A faithful, complete transcript of the entries below, without pictures, should be returned.

• • •

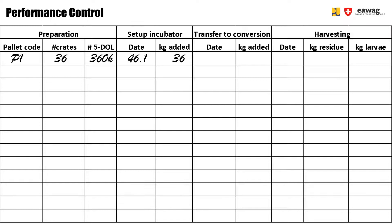The conversion units are set up on 46.4, meaning Thursday of week 46. In total, 324 kilograms of waste was added that day into the 36 conversion crates, which means 9 kilograms per crate. When it's time to harvest the pallet, write down the harvest date — in this case 47.5, or Friday of week 47. With this one line, you know the full conversion for this setup. In total for this setup, 360 kilograms went into the combined incubator boxes and conversion crates, and 146.7 kilograms of residue was collected, as well as 41.5 kilograms of larvae.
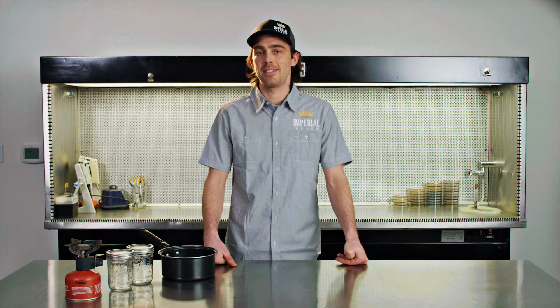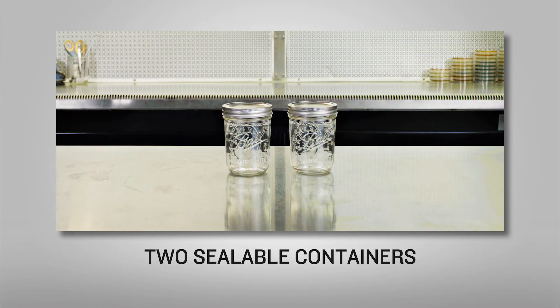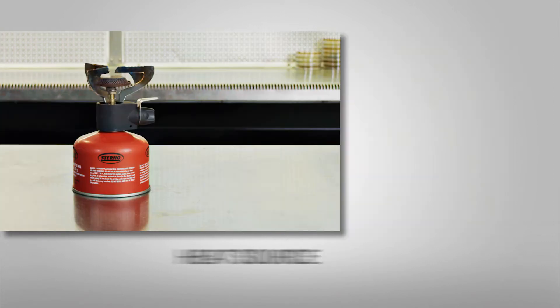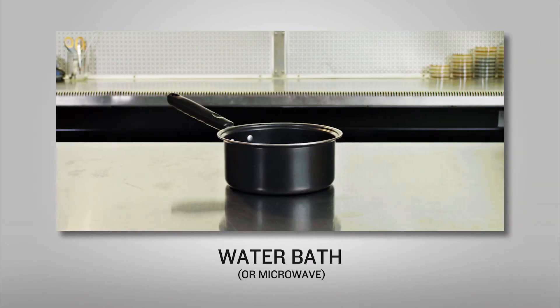To perform this test, we will need two canning jars, glasses, or other containers that have a lid and can be sealed, a heat source, and ideally a water bath — although if not, you can use a microwave.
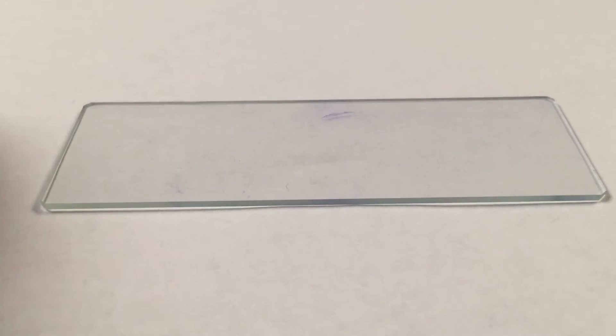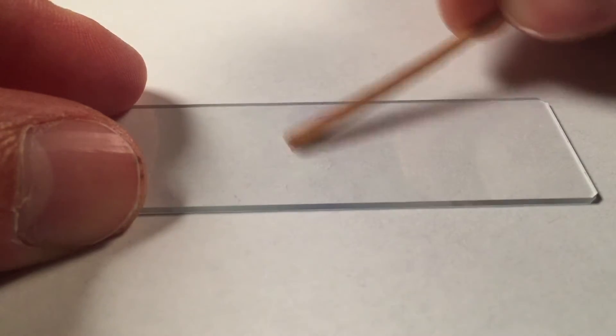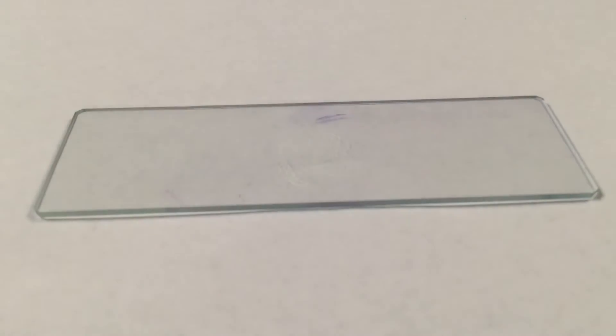The other side too. And that is it — it doesn't even look like there is anything on there, but I will smear that on my slide and it should look like there is just slime on there.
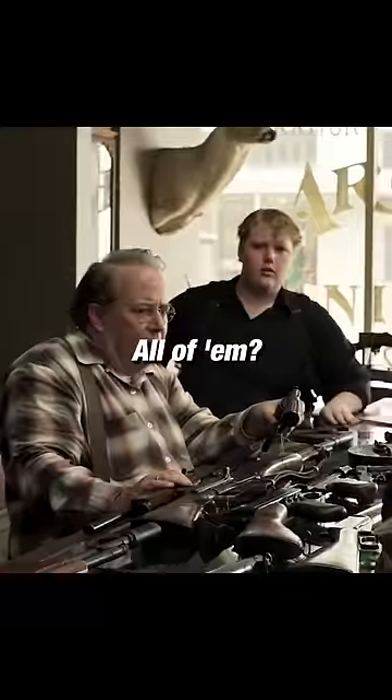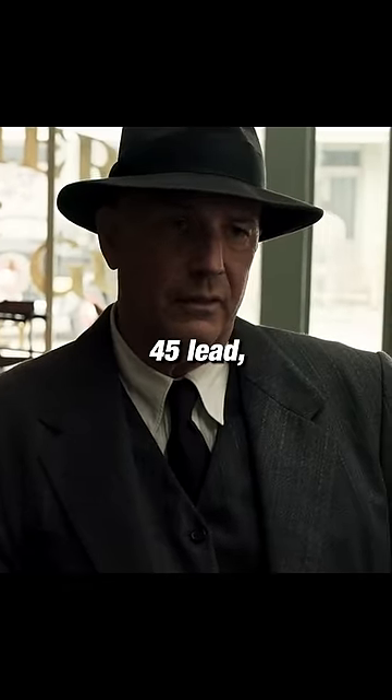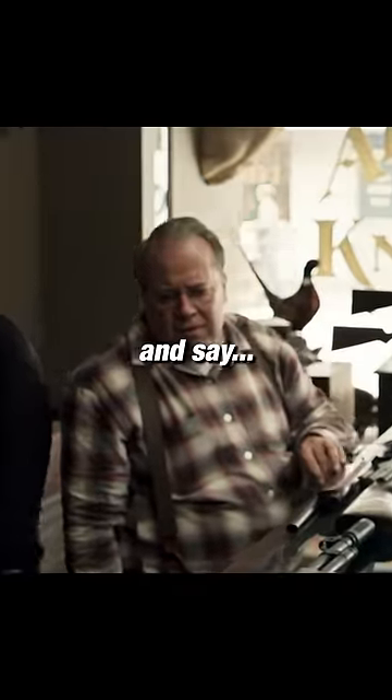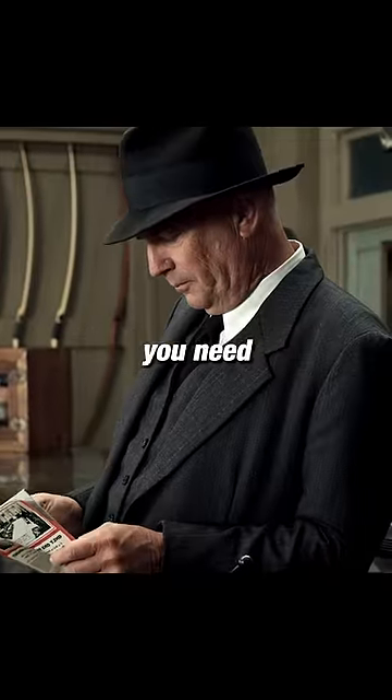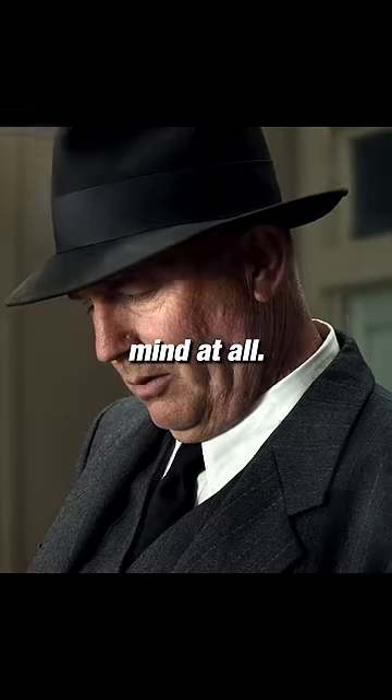Which'll do it? All of them. All of them? Yes, sir. Along with four cases of .45 lead. Same for the 30-06 and... say, what are you going after if you need all this firepower, if you don't mind me asking? Yes, sir, I don't mind at all.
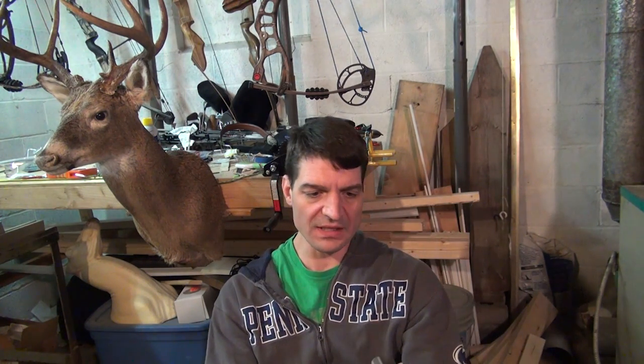This is a handheld thumb activated release. I'm in my basement right now doing this review and my kids are upstairs sleeping, so rather than shoot a bow I have this little exercise band set up for practicing with a release, so you can see a little bit of me using this.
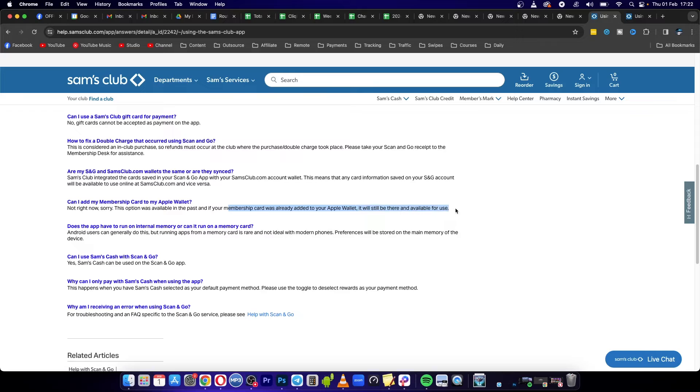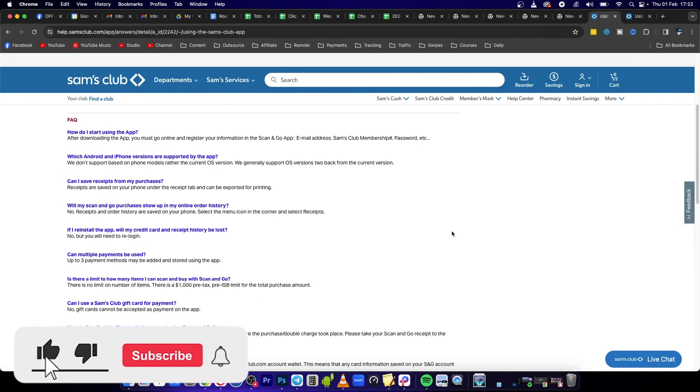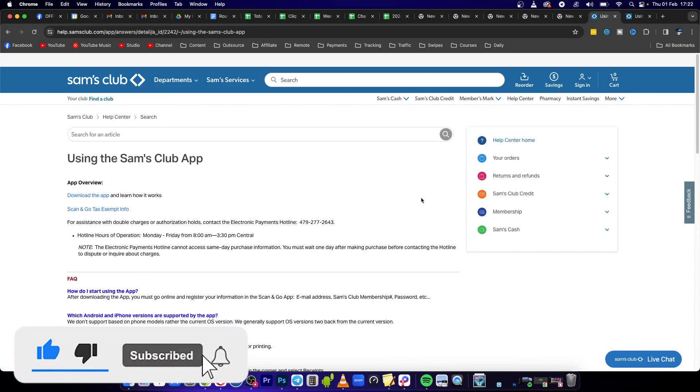You would have had to link it previously to be able to use it right now. And as soon as they bring it back, if they do, I'll be doing an update video on that. So that's all the information we have right now about that. If this helped you out, drop a like on this video.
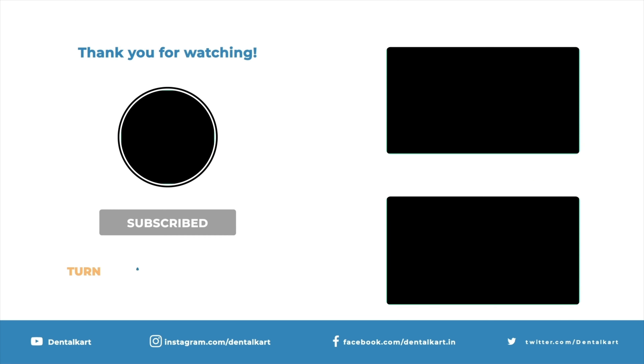Mandibular premolar forceps are used for the extraction of the first and second premolars. They have identical broad and open beaks that are longer than those of the mandibular anterior forceps.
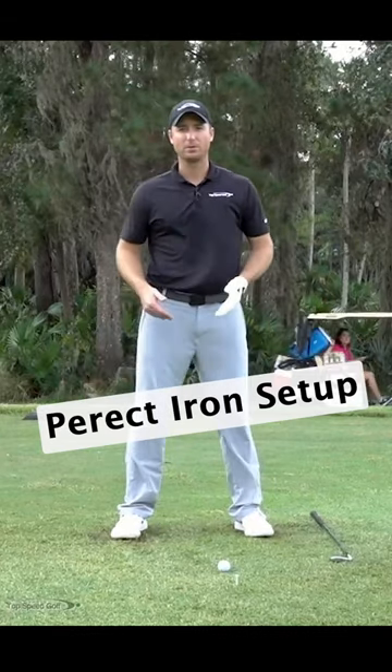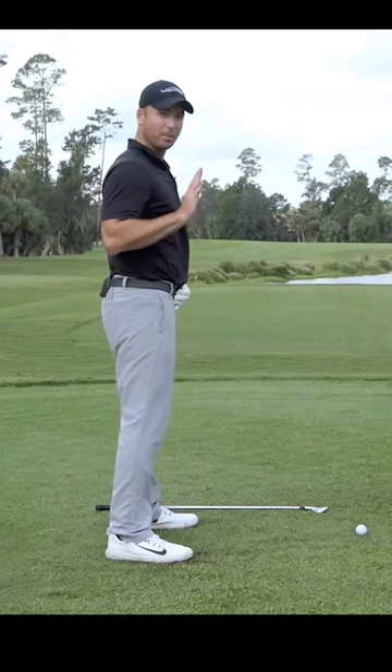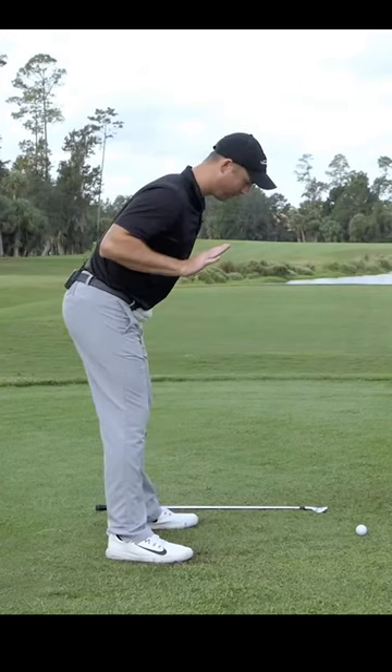Get your feet about shoulder width apart if you're going to be using an iron. From here, I'm going to drop my hips back until my upper body tilts forward, and I'll be looking down at the golf ball now.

• • •

• [Response to this exercise]
The conversion units are set up on 46.4, meaning Thursday of week 46. In total, 324 kilograms of waste was added that day into the 36 conversion crates, which means 9 kilograms per crate. When it's time to harvest the pallet, write down the harvest date — in this case 47.5, or Friday of week 47. With this one line, you know the full conversion for this setup. In total for this setup, 360 kilograms went into the combined incubator boxes and conversion crates, and 146.7 kilograms of residue was collected, as well as 41.5 kilograms of larvae.
To perform this test, we will need two canning jars, glasses, or other containers that have a lid and can be sealed, a heat source, and ideally a water bath — although if not, you can use a microwave.
The other side too. And that is it — it doesn't even look like there is anything on there, but I will smear that on my slide and it should look like there is just slime on there.
Which'll do it? All of them. All of them? Yes, sir. Along with four cases of .45 lead. Same for the 30-06 and... say, what are you going after if you need all this firepower, if you don't mind me asking? Yes, sir, I don't mind at all.
This is a handheld thumb activated release. I'm in my basement right now doing this review and my kids are upstairs sleeping, so rather than shoot a bow I have this little exercise band set up for practicing with a release, so you can see a little bit of me using this.
You would have had to link it previously to be able to use it right now. And as soon as they bring it back, if they do, I'll be doing an update video on that. So that's all the information we have right now about that. If this helped you out, drop a like on this video.
Mandibular premolar forceps are used for the extraction of the first and second premolars. They have identical broad and open beaks that are longer than those of the mandibular anterior forceps.
Get your feet about shoulder width apart if you're going to be using an iron. From here, I'm going to drop my hips back until my upper body tilts forward, and I'll be looking down at the golf ball now.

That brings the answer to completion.